→ WORK INSTRUCTIONS:
Go to the line containing "White Shark DSM-06" in the records below and print it and every following line exactly, on through the line containing "Foldable Rechargeable Personal", then stop.

Stored items from a collection:
═══

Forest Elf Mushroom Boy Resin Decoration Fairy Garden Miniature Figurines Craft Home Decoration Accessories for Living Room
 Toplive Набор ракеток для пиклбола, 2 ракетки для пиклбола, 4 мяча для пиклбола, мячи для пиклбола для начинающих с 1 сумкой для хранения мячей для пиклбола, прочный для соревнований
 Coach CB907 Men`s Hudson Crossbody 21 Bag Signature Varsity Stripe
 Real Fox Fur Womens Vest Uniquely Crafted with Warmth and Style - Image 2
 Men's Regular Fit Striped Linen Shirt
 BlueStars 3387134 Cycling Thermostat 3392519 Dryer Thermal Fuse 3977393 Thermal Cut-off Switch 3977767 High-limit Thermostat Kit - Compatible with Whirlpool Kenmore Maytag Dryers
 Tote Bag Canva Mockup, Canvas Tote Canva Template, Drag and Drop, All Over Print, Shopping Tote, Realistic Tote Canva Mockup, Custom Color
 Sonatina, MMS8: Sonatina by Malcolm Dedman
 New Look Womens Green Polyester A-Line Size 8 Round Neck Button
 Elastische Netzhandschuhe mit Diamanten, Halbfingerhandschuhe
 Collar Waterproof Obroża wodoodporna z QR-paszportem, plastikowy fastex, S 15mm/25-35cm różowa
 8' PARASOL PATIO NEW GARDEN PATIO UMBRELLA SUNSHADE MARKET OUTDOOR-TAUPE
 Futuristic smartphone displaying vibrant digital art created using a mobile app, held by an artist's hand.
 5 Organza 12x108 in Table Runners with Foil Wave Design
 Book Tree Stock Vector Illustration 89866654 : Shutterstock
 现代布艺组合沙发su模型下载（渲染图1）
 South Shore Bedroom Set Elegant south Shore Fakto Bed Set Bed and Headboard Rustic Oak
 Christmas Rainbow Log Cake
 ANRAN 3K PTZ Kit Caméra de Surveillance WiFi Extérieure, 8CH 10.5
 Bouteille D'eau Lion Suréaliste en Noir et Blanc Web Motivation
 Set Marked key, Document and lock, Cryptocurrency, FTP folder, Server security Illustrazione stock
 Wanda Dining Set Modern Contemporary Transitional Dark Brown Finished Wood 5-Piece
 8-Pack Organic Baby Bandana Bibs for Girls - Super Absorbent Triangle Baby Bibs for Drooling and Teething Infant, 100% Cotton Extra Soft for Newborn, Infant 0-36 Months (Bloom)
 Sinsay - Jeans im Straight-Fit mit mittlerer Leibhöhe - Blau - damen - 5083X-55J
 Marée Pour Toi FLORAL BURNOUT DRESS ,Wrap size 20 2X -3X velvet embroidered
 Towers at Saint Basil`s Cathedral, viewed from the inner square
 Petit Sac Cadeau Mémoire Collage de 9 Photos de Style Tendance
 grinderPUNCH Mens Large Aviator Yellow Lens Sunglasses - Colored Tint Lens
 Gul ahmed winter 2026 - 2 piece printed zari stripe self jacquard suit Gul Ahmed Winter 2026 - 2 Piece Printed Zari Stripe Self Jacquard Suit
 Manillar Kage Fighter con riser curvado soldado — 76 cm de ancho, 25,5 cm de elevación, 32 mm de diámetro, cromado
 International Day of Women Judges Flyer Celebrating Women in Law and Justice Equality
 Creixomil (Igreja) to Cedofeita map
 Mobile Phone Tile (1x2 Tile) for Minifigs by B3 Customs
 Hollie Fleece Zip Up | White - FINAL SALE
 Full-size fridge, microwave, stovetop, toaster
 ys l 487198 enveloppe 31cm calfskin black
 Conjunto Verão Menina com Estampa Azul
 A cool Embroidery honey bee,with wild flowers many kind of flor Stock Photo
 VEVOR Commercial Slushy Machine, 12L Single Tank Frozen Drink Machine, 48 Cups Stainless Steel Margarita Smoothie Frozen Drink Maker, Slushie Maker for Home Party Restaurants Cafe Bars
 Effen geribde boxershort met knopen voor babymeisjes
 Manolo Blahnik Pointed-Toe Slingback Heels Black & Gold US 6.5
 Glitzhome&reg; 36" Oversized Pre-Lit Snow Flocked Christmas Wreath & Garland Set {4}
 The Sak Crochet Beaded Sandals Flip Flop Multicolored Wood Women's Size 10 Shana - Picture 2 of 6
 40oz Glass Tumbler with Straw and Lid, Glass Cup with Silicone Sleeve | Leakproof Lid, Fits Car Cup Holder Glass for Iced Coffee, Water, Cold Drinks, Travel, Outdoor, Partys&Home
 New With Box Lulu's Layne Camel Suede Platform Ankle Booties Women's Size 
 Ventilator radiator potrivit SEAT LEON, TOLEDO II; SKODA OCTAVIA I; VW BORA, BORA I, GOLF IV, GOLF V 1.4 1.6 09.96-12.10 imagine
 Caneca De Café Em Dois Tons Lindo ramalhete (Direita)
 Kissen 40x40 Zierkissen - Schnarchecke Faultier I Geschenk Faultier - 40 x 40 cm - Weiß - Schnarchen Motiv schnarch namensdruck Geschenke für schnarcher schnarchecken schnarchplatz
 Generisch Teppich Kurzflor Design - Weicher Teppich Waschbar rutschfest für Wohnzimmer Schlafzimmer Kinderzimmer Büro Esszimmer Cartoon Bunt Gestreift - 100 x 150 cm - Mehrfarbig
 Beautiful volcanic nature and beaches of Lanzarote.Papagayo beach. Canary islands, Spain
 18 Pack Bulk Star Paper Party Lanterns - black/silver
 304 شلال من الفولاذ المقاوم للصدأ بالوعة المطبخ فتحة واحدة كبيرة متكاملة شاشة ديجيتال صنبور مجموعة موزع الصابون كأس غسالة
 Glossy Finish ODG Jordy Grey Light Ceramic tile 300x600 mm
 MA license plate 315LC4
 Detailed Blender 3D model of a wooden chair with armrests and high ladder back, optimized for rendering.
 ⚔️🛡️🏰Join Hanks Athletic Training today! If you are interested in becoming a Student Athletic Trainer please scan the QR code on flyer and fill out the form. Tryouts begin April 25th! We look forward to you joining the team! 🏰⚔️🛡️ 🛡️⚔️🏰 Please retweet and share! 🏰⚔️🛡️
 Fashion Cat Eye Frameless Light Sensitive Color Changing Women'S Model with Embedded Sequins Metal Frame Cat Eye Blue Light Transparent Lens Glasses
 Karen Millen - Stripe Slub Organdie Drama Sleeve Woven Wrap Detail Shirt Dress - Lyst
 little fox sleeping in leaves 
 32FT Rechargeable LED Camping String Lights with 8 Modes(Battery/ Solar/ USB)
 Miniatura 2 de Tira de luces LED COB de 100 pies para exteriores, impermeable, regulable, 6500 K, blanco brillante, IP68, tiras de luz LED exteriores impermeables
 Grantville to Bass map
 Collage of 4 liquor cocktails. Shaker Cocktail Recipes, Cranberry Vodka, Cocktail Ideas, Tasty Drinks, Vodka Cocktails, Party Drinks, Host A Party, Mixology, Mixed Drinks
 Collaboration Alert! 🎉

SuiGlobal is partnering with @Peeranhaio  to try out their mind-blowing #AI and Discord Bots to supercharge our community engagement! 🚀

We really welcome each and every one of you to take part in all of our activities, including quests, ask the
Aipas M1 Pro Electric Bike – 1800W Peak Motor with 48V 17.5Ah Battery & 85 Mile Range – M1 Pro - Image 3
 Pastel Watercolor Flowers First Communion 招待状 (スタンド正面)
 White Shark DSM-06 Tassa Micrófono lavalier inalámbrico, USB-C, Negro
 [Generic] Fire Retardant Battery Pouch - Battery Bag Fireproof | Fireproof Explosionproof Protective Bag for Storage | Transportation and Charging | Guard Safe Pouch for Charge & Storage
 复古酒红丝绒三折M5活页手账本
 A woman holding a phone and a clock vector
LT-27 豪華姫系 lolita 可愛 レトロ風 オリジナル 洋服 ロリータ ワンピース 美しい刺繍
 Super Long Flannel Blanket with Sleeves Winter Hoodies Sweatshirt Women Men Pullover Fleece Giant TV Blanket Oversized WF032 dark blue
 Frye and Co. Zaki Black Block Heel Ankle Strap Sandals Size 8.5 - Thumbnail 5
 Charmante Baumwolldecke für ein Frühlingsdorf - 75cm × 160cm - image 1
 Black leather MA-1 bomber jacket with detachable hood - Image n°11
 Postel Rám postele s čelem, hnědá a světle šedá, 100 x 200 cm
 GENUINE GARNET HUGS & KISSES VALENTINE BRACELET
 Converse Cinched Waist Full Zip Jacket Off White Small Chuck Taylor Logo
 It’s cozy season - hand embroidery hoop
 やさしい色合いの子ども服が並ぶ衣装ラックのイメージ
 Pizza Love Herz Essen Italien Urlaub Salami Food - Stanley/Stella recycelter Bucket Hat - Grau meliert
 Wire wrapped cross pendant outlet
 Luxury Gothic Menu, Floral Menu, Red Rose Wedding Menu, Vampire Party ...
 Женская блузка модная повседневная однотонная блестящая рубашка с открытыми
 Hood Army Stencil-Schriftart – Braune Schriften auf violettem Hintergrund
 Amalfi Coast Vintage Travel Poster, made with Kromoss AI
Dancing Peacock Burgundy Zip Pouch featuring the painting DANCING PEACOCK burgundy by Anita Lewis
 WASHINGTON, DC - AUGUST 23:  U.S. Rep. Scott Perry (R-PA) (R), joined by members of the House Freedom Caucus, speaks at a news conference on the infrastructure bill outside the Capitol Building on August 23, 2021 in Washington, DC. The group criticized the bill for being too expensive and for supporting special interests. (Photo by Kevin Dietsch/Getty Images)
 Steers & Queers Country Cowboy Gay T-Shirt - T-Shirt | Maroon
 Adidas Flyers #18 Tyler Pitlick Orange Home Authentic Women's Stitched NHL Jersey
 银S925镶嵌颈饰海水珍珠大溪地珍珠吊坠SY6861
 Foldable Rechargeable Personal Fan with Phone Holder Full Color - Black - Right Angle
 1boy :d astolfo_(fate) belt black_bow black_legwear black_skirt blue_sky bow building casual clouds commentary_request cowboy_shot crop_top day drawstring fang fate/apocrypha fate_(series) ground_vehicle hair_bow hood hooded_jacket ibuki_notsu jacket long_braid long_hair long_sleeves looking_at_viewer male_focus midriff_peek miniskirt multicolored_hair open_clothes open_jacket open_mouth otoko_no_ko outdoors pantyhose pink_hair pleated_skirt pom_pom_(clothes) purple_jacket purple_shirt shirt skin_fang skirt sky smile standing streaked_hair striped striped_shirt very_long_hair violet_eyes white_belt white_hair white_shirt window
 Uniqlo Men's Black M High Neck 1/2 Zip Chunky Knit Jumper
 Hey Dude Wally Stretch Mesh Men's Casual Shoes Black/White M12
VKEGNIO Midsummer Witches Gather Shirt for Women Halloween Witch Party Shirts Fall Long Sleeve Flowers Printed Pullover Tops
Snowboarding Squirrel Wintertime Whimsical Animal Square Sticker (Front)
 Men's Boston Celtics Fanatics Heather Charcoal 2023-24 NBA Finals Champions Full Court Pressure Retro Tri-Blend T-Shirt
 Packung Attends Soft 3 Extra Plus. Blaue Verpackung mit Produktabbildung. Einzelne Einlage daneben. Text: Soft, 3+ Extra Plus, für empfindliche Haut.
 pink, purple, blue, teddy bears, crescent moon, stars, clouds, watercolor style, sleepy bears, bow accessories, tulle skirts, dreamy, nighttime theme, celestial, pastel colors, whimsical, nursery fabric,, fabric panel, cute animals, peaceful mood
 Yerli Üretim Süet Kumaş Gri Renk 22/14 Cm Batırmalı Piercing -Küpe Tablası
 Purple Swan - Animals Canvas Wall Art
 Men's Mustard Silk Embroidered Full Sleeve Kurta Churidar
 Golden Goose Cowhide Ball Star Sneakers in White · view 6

═══

→ SOLUTION TO THIS TASK:
 White Shark DSM-06 Tassa Micrófono lavalier inalámbrico, USB-C, Negro
 [Generic] Fire Retardant Battery Pouch - Battery Bag Fireproof | Fireproof Explosionproof Protective Bag for Storage | Transportation and Charging | Guard Safe Pouch for Charge & Storage
 复古酒红丝绒三折M5活页手账本
 A woman holding a phone and a clock vector
LT-27 豪華姫系 lolita 可愛 レトロ風 オリジナル 洋服 ロリータ ワンピース 美しい刺繍
 Super Long Flannel Blanket with Sleeves Winter Hoodies Sweatshirt Women Men Pullover Fleece Giant TV Blanket Oversized WF032 dark blue
 Frye and Co. Zaki Black Block Heel Ankle Strap Sandals Size 8.5 - Thumbnail 5
 Charmante Baumwolldecke für ein Frühlingsdorf - 75cm × 160cm - image 1
 Black leather MA-1 bomber jacket with detachable hood - Image n°11
 Postel Rám postele s čelem, hnědá a světle šedá, 100 x 200 cm
 GENUINE GARNET HUGS & KISSES VALENTINE BRACELET
 Converse Cinched Waist Full Zip Jacket Off White Small Chuck Taylor Logo
 It’s cozy season - hand embroidery hoop
 やさしい色合いの子ども服が並ぶ衣装ラックのイメージ
 Pizza Love Herz Essen Italien Urlaub Salami Food - Stanley/Stella recycelter Bucket Hat - Grau meliert
 Wire wrapped cross pendant outlet
 Luxury Gothic Menu, Floral Menu, Red Rose Wedding Menu, Vampire Party ...
 Женская блузка модная повседневная однотонная блестящая рубашка с открытыми
 Hood Army Stencil-Schriftart – Braune Schriften auf violettem Hintergrund
 Amalfi Coast Vintage Travel Poster, made with Kromoss AI
Dancing Peacock Burgundy Zip Pouch featuring the painting DANCING PEACOCK burgundy by Anita Lewis
 WASHINGTON, DC - AUGUST 23:  U.S. Rep. Scott Perry (R-PA) (R), joined by members of the House Freedom Caucus, speaks at a news conference on the infrastructure bill outside the Capitol Building on August 23, 2021 in Washington, DC. The group criticized the bill for being too expensive and for supporting special interests. (Photo by Kevin Dietsch/Getty Images)
 Steers & Queers Country Cowboy Gay T-Shirt - T-Shirt | Maroon
 Adidas Flyers #18 Tyler Pitlick Orange Home Authentic Women's Stitched NHL Jersey
 银S925镶嵌颈饰海水珍珠大溪地珍珠吊坠SY6861
 Foldable Rechargeable Personal Fan with Phone Holder Full Color - Black - Right Angle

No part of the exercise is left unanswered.